INFORMATION SUPPLIED —

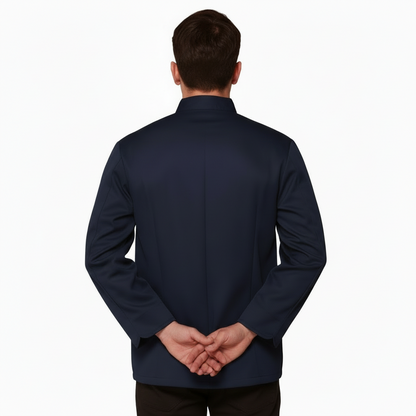 Giacca da Lavoro Blu Scuro Collo Coreana – Facchino, Bar, Hotel | cod. 1619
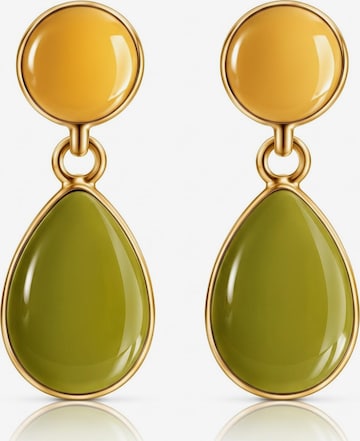 Kamakula Earrings 'Enamel Teardrop' in Yellow: front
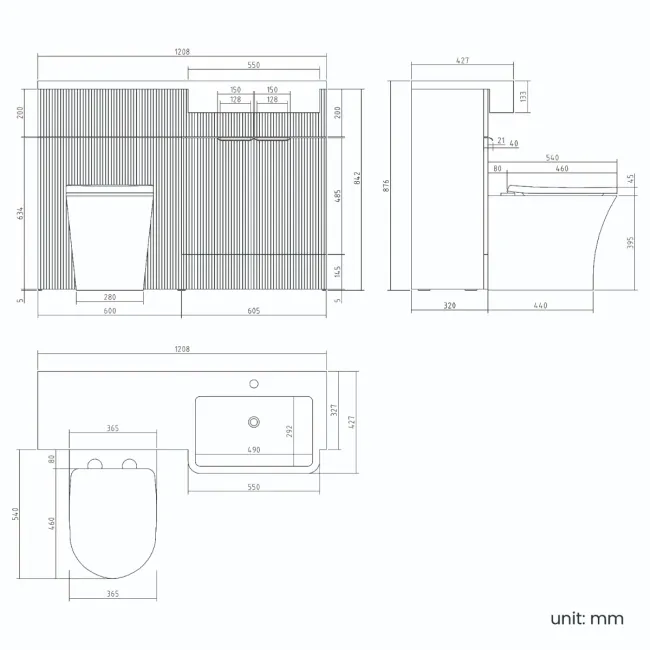 Sicily Fluted Country Oak Combination Vanity Basin and Tucson Toilet 1200mm - Brushed Brass Accents - Right Handed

EXERCISE DIRECTIONS —
Return the data exactly. Pictures stay out.

RESPONSE TO THE TASK —
 Giacca da Lavoro Blu Scuro Collo Coreana – Facchino, Bar, Hotel | cod. 1619
 Kamakula Earrings 'Enamel Teardrop' in Yellow: front
 Sicily Fluted Country Oak Combination Vanity Basin and Tucson Toilet 1200mm - Brushed Brass Accents - Right Handed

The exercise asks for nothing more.